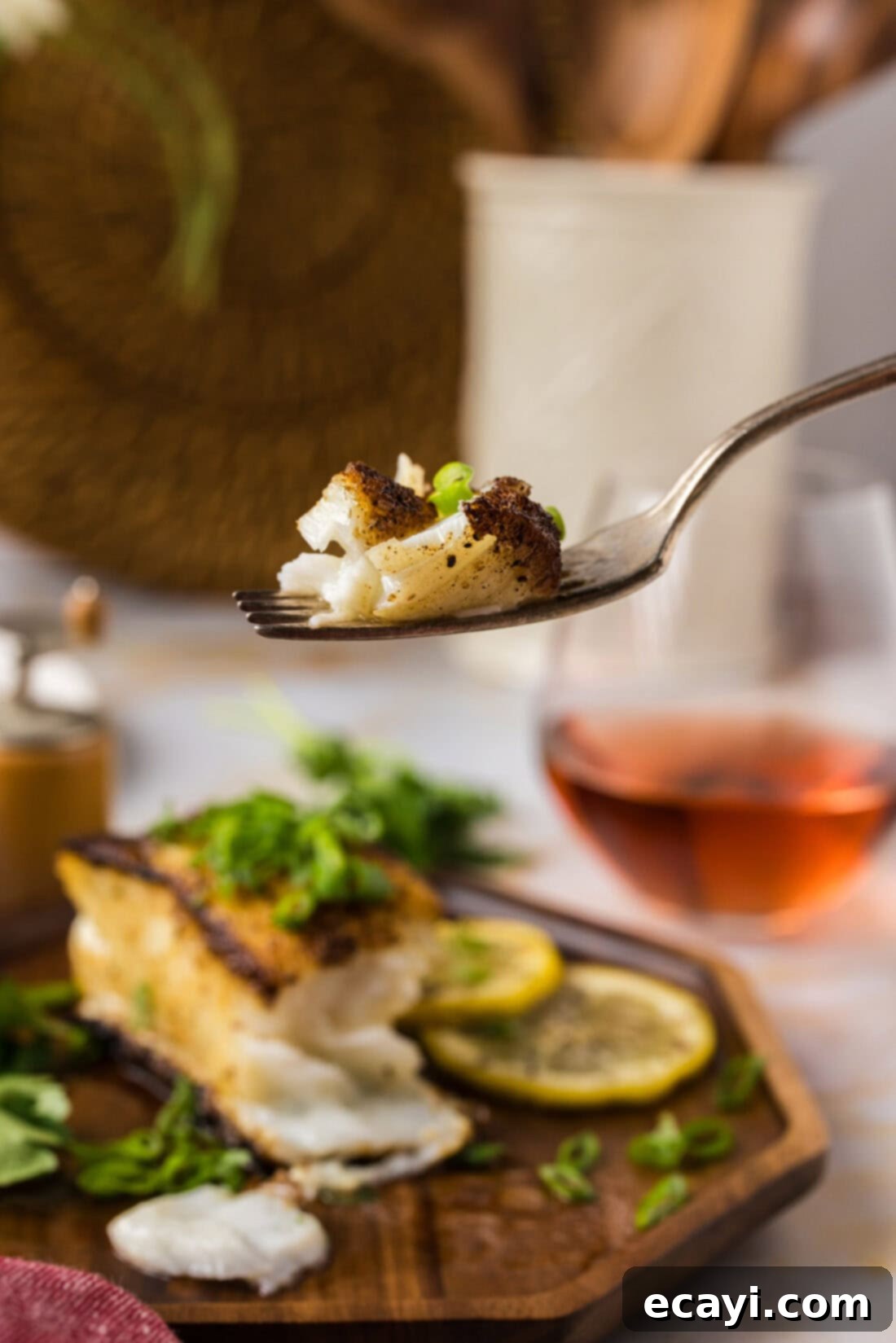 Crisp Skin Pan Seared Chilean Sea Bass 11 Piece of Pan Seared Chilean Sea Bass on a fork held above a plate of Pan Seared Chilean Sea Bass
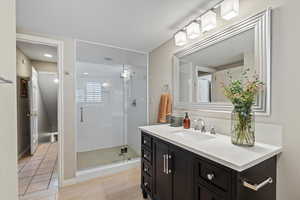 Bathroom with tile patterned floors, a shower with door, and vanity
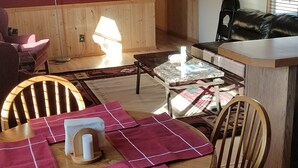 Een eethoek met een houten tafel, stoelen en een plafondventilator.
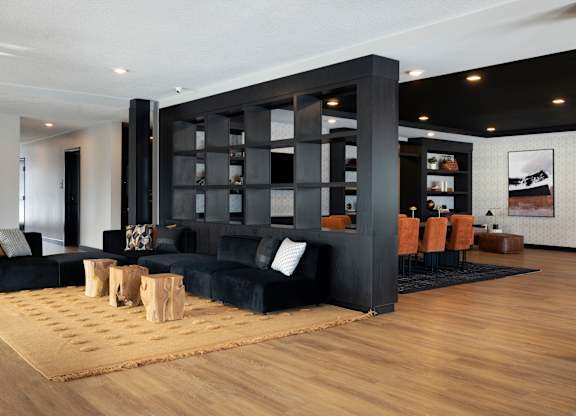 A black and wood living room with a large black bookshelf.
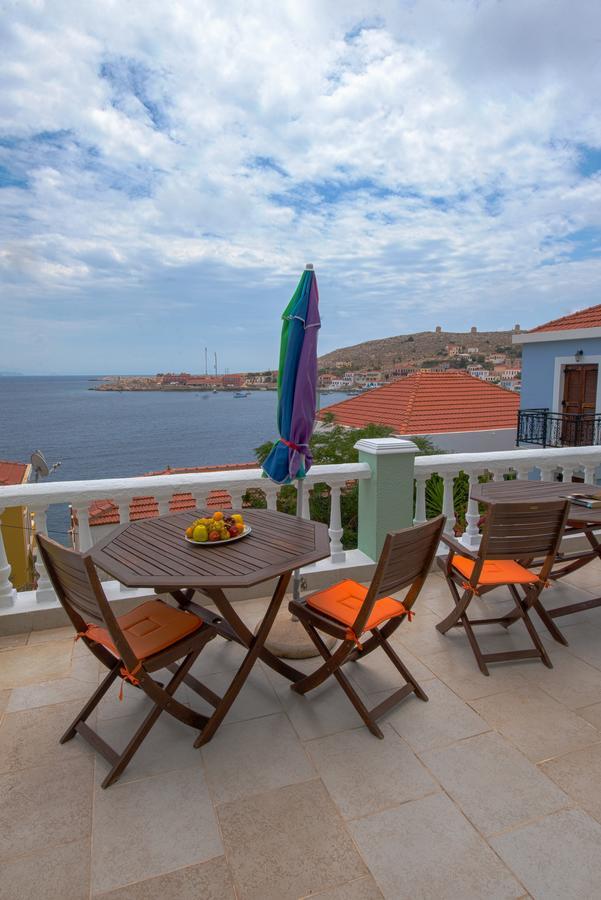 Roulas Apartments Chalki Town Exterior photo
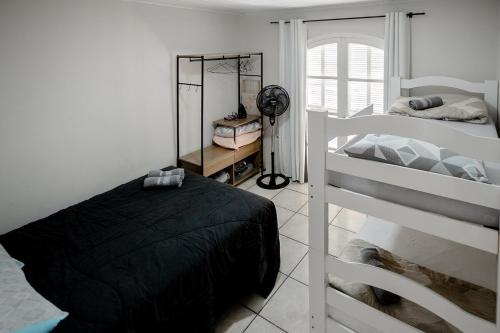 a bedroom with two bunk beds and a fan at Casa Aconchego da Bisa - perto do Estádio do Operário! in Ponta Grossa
---
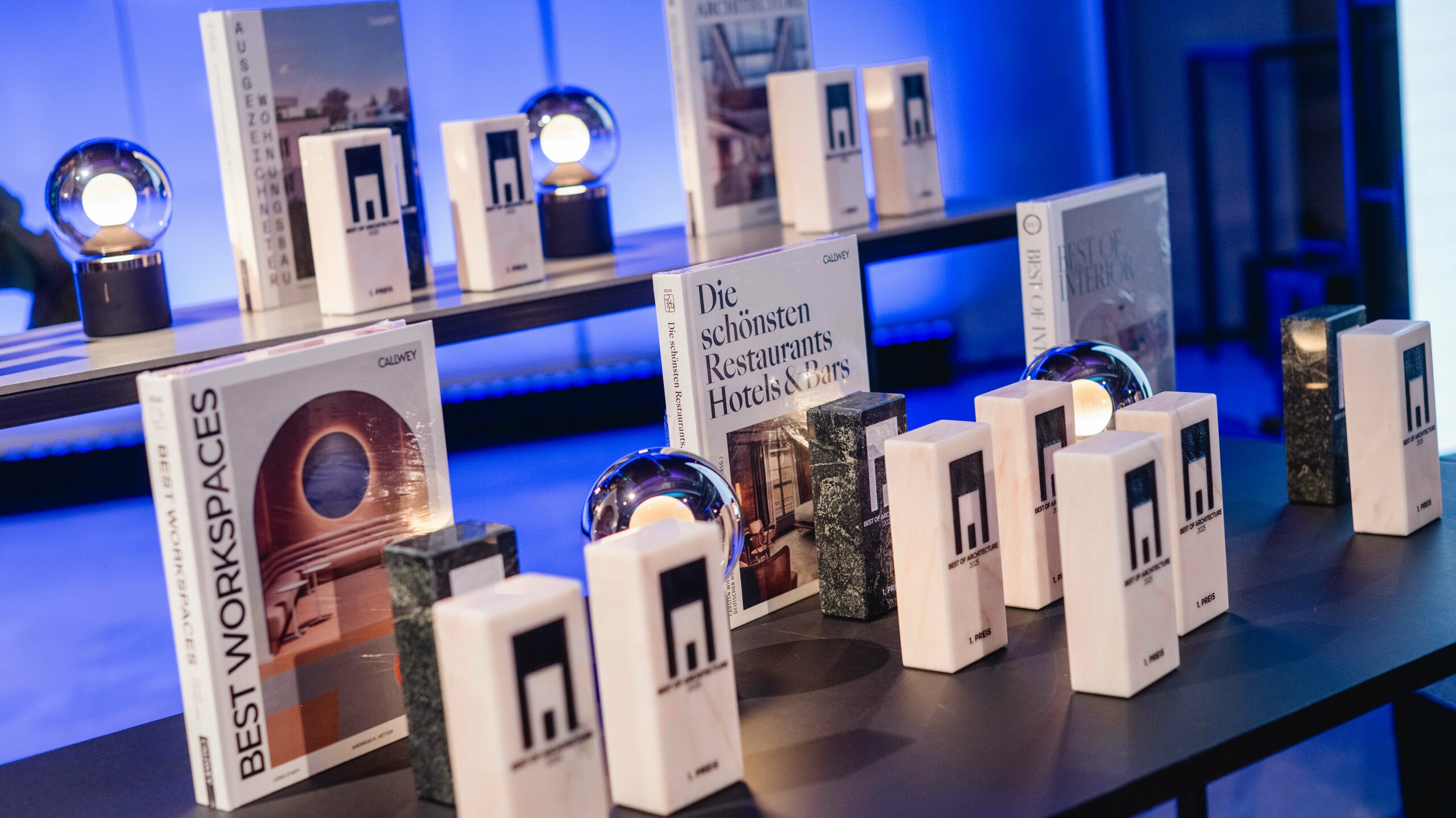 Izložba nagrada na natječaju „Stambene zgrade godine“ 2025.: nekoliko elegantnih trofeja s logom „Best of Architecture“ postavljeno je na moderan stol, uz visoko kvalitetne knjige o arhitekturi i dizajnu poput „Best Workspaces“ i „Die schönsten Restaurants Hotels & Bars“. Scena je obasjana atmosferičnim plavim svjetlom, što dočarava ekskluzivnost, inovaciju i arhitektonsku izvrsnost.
==
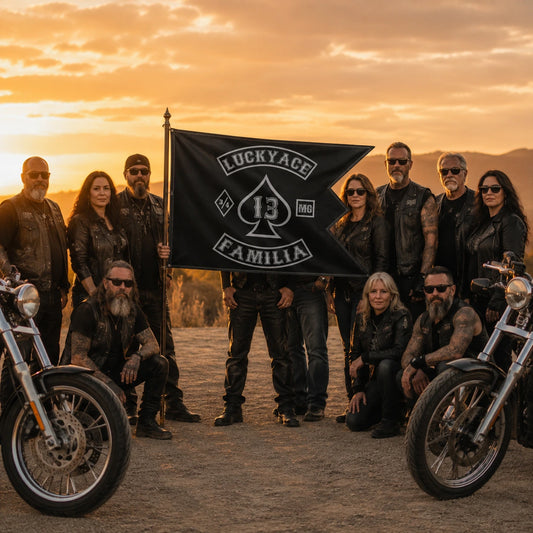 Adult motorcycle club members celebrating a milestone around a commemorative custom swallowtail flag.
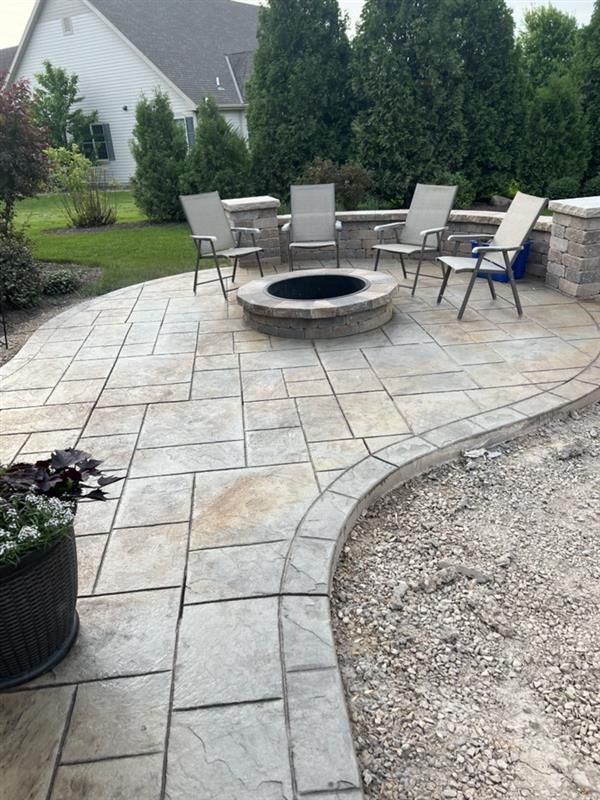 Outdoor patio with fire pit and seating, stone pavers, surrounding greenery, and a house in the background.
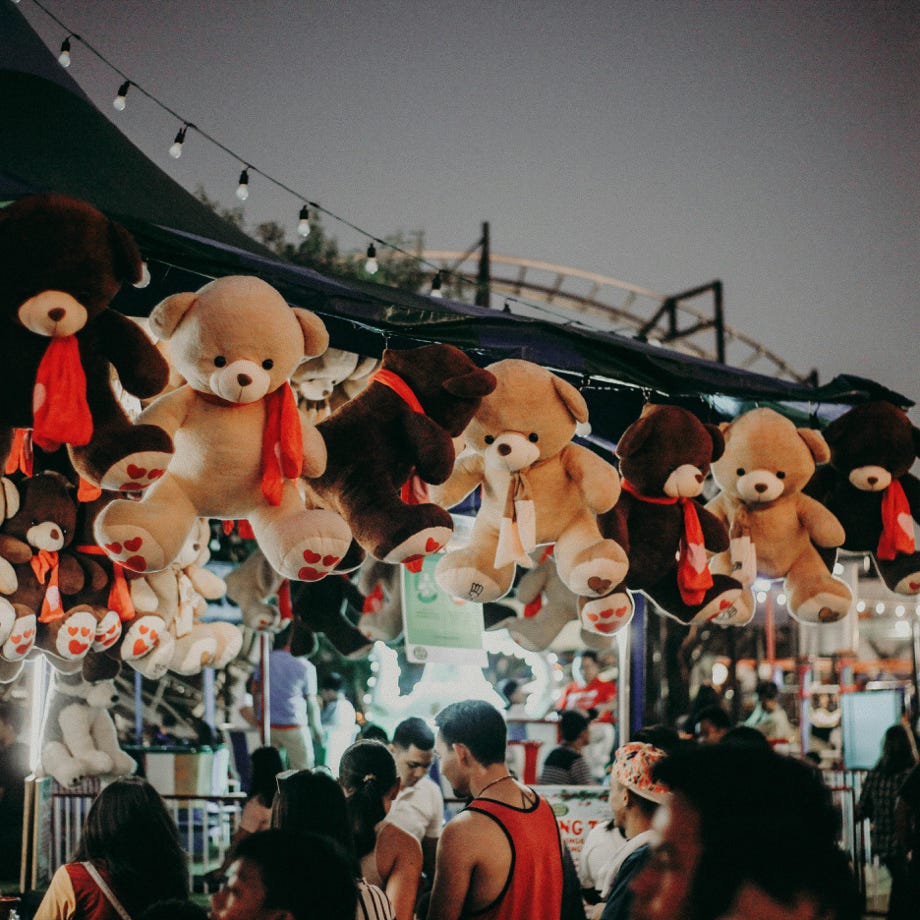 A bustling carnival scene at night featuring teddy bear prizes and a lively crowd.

Work instruction. Starting with the line that contains "A black and" and finishing with the line that contains "a bedroom with", reproduce every line of the material above exactly, but not the pictures.

Answer box.
 A black and wood living room with a large black bookshelf.
 Roulas Apartments Chalki Town Exterior photo
 a bedroom with two bunk beds and a fan at Casa Aconchego da Bisa - perto do Estádio do Operário! in Ponta Grossa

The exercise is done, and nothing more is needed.